## [Exercise requirements]
Extract all lines from the data beneath that include the word "hand".

## [Supplied data]
______

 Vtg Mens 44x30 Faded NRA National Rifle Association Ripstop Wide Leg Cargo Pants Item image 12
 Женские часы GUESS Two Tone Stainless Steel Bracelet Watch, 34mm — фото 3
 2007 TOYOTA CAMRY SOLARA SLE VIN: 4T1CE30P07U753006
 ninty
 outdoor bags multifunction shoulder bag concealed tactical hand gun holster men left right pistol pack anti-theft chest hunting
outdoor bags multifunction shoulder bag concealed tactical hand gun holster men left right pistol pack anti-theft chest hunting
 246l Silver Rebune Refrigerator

______

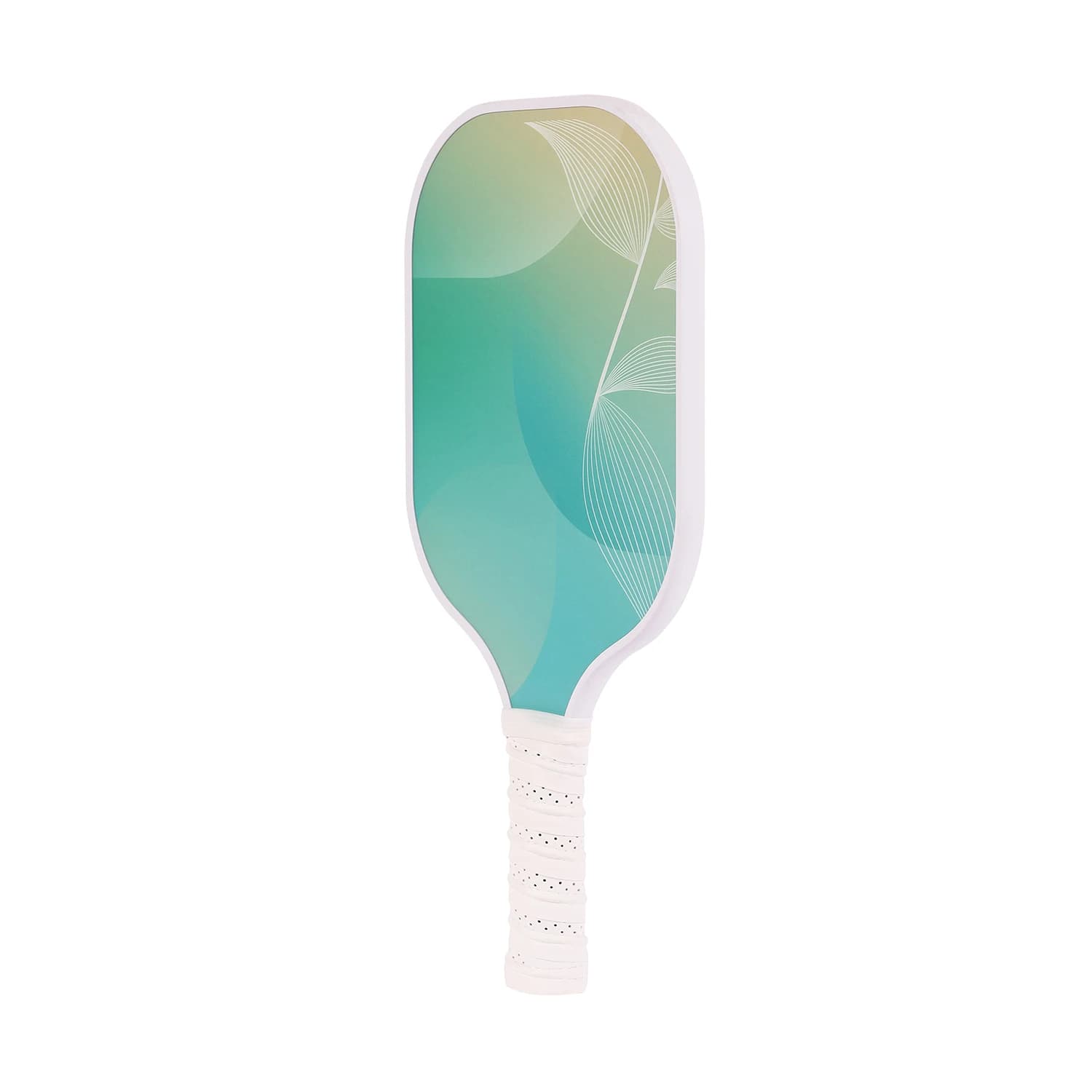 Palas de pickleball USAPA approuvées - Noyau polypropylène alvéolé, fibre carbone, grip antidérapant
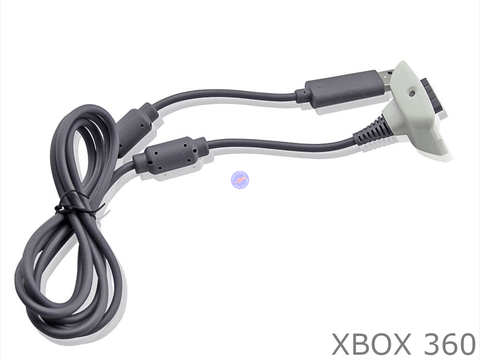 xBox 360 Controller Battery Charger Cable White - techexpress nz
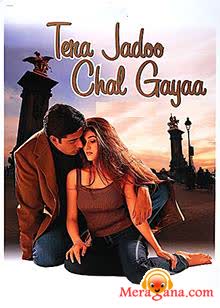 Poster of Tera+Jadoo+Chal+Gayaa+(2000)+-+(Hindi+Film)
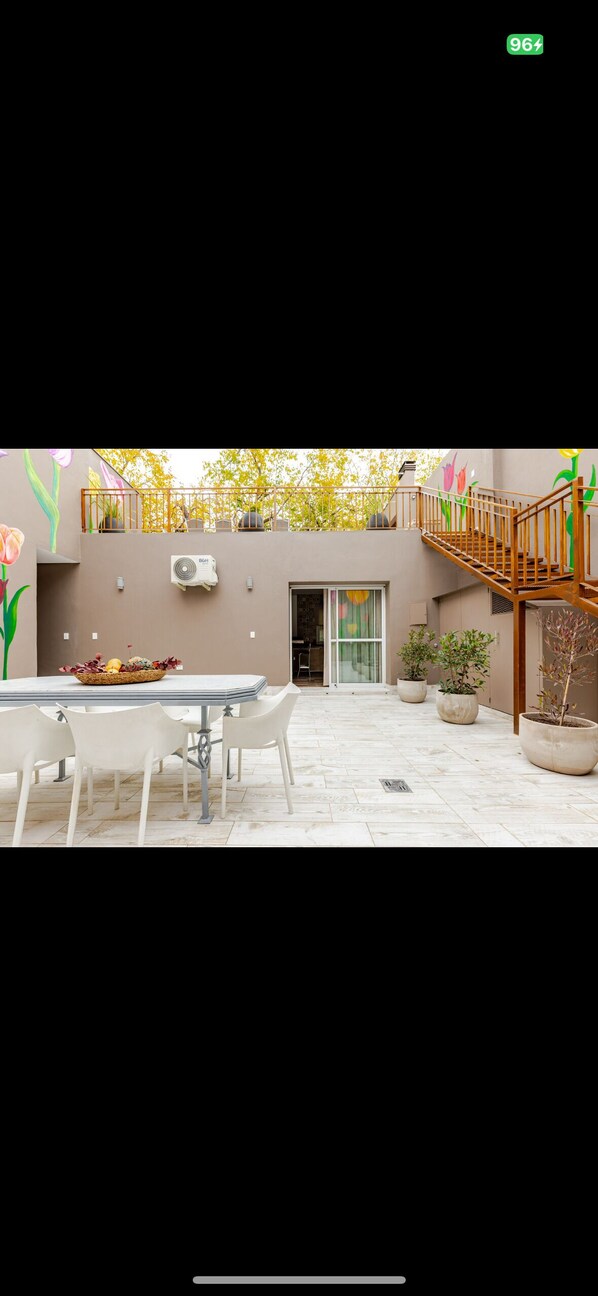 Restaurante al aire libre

______

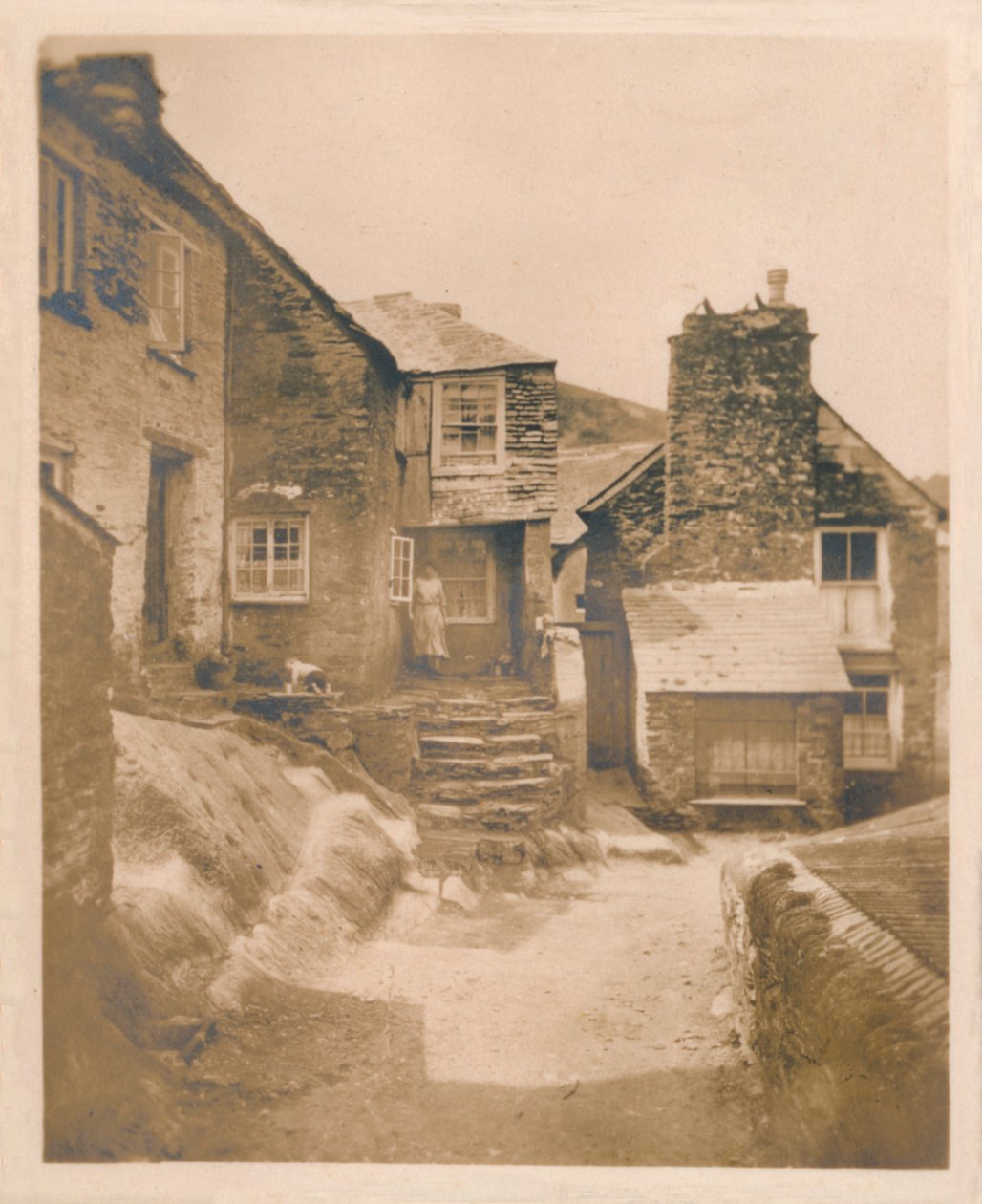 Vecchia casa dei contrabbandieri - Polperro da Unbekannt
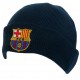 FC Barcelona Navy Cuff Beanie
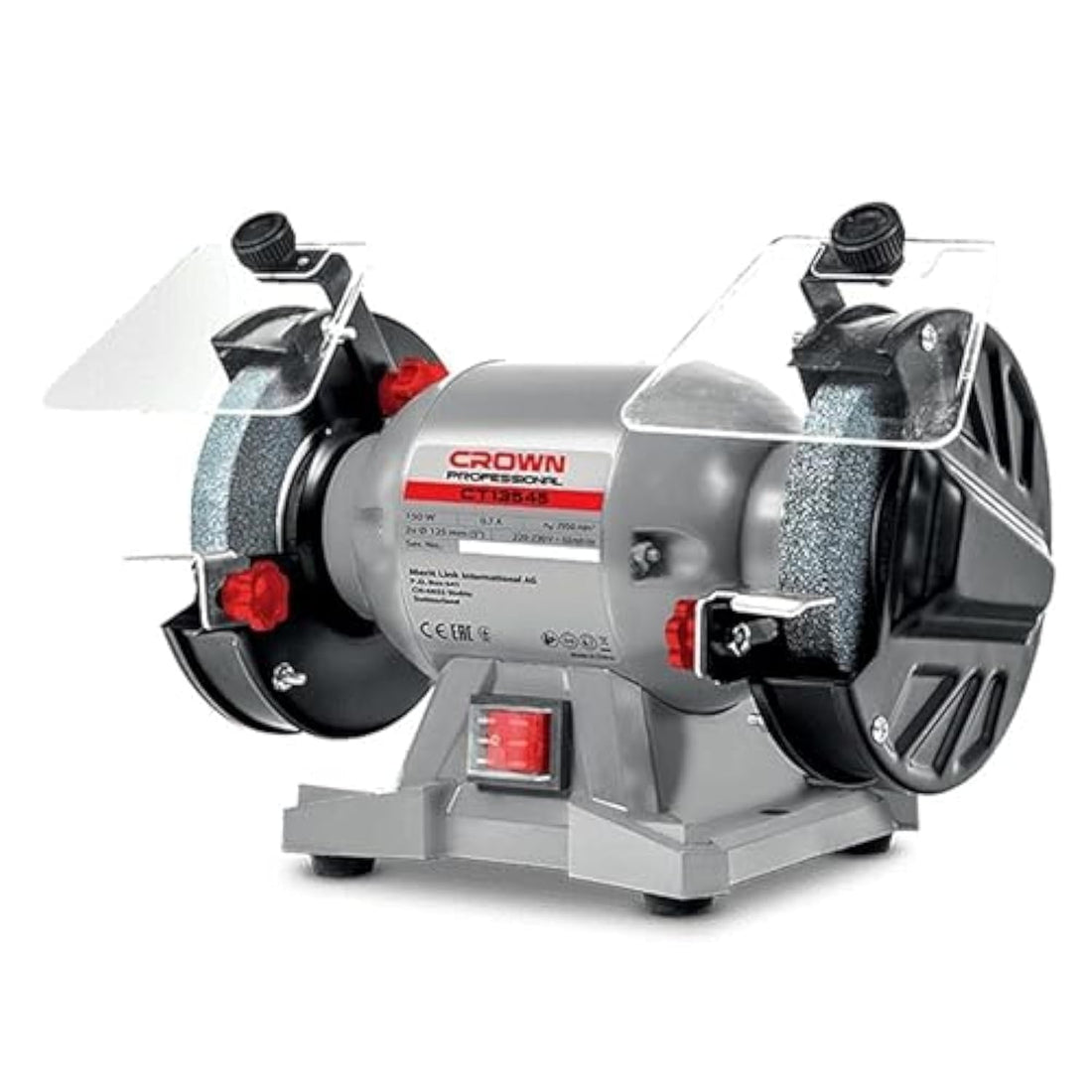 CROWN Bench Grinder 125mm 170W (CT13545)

______

## [Result]
 outdoor bags multifunction shoulder bag concealed tactical hand gun holster men left right pistol pack anti-theft chest hunting
outdoor bags multifunction shoulder bag concealed tactical hand gun holster men left right pistol pack anti-theft chest hunting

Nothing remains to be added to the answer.